Transparency and Accountability for All School Leadership

  • Hold charter schools and their operators to the same transparency standards as school districts because they are public schools and receive more than $1.8 billion in state and property tax dollars annually.
  • Require that charter school Board of Trustees and operating companies– like school district School Boards – are free from conflicts of interest and prohibit them from making decisions that provide a financial benefit to themselves, friends, and/or family members.
  • Require charter schools to use sound fiscal management, provide regular financial audits to state regulators, publicly bid contracts for supplies and services, use fair contracting practices, and engage their communities.
  • Provide greater oversight over charter school management companies, the businesses that often profit at the expense of Pennsylvania students and families.
  • Establish a model state application to start a new charter school or renew an existing charter school that provides school districts with comprehensive information on how the school will be run and allow for rigorous analysis.

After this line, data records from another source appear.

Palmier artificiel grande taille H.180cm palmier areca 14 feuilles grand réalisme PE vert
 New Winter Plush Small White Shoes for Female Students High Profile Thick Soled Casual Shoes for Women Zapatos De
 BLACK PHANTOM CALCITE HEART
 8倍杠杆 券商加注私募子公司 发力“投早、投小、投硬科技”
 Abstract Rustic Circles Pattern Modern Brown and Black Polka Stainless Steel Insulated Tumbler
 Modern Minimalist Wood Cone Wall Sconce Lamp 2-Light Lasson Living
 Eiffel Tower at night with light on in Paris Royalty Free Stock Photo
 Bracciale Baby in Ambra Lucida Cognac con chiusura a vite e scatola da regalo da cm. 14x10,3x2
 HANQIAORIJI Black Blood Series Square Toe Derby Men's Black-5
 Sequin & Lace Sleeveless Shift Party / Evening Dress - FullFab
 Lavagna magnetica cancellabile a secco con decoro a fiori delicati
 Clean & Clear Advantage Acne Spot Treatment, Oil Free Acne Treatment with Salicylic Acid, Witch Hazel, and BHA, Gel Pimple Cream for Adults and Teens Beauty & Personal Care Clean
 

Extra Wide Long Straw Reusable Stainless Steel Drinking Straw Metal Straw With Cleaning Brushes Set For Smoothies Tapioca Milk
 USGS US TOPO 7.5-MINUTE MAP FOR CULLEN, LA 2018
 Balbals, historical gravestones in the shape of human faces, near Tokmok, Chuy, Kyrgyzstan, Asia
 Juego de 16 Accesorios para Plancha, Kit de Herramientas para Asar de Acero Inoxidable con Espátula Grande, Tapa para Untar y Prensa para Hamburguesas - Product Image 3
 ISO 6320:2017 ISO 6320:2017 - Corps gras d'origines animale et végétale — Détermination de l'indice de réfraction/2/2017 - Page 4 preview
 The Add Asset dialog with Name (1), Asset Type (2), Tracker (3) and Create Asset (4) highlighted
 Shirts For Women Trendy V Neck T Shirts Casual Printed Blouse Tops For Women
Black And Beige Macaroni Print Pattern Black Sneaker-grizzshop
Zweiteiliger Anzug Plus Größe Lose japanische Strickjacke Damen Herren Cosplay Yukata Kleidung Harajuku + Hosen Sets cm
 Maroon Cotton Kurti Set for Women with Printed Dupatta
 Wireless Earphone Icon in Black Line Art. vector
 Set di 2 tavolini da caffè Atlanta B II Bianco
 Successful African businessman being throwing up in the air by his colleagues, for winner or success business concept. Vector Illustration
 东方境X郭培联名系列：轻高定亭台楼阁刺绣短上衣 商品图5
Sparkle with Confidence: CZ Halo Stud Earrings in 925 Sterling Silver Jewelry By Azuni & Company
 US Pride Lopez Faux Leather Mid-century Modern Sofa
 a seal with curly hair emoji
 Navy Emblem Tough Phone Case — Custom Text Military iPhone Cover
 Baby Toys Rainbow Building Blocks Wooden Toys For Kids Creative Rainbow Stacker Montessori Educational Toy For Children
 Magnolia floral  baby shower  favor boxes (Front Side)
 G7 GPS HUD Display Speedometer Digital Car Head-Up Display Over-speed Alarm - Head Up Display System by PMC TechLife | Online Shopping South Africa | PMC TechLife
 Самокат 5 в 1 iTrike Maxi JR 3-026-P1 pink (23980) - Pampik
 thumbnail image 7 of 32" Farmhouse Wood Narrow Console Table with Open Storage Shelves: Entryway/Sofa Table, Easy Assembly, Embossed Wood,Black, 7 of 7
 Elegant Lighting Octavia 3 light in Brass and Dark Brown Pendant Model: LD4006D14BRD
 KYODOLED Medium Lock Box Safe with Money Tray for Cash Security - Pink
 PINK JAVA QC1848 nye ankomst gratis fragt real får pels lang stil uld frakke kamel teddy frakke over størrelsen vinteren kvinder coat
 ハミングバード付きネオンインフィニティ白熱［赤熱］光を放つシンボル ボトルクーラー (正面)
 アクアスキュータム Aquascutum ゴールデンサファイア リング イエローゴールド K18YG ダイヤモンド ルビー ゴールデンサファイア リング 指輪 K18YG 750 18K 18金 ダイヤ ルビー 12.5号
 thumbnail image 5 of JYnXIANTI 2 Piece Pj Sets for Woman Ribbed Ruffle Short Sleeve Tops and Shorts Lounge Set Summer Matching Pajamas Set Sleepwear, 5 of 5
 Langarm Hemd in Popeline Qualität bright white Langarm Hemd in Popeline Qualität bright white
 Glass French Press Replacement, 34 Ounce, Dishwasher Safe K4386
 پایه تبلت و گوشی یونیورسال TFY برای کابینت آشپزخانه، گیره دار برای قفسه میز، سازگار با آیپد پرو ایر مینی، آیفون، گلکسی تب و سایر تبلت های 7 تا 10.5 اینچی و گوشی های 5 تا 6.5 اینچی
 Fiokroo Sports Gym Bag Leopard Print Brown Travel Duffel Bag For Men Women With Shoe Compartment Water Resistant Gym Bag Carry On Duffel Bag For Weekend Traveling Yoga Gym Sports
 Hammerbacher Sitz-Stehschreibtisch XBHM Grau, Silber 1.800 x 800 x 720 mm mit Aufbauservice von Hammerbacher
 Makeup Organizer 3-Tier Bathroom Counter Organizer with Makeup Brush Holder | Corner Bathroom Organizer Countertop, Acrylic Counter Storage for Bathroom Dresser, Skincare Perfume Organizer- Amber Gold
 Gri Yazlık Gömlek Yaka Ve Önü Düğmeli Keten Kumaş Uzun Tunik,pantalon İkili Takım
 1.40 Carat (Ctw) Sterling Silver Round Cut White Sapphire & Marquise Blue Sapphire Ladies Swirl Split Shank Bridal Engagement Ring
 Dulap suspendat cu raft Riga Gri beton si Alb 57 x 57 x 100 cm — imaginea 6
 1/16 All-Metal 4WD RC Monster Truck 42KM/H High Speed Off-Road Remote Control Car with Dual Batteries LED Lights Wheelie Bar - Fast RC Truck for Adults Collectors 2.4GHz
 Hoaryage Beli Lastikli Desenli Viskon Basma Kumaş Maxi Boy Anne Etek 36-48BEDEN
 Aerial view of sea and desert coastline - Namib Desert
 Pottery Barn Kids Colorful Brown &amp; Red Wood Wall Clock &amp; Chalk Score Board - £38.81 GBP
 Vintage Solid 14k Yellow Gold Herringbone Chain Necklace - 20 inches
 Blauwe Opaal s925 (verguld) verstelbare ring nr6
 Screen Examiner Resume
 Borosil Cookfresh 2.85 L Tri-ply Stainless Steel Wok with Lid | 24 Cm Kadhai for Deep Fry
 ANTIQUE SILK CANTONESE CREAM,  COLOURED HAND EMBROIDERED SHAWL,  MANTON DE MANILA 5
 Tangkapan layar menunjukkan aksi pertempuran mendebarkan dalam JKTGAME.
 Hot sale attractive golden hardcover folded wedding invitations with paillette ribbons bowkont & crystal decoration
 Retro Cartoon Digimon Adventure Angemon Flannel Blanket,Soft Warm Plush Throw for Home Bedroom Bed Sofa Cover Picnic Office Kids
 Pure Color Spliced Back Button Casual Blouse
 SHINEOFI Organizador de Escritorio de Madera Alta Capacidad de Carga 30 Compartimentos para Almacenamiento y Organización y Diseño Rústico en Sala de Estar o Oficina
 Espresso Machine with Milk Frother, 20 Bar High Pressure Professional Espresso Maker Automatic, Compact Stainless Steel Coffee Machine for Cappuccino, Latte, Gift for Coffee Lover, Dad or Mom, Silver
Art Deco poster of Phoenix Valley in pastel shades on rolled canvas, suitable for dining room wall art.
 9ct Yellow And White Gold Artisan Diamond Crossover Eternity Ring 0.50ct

Fair and Predictable Funding for All Public Schools

  • Establish a clear process that requires charters to accurately document their costs.
  • Prevent charters from over charging districts and taxpayers for the educational services they provide.

Accountability on Behalf of Taxpayers

  • Initiate a fee-for-service model to cover the department’s costs associated with implementing the charter school law.
  • Recoup taxpayer costs for thousands of hours of currently free services that the Department provides to charter schools when it reviews applications, processes millions of payments, and provides legal and administrative support.

Matt Rourke / The Associated Press

FILE PHOTO: Robbi Giuliano teaches her fifth grade class as they sit on yoga balls at Westtown-Thornbury Elementary in West Chester.

Comprehensive Charter School Reform Legislation

In addition to executive action, the governor will propose comprehensive charter school reform legislation containing the regulatory changes and would:

  • Establish performance standards that hold charter schools accountable for the educational outcomes of students and a moratorium on new cyber charter schools
  • Cap student enrollment in low performing cyber charter schools until outcomes improve.
  • Requiring charter management companies be subject to the Right to Know Act, State Ethics Act, and post employee salaries on PDE’s website, similar to requirements already in place for public school districts.
  • Create fair, predictable, and equitable funding for school districts, including in the areas of special education funding and cyber charter tuition payments.
  • Establishing a charter school funding commission to make recommendations on additional charter school funding reforms.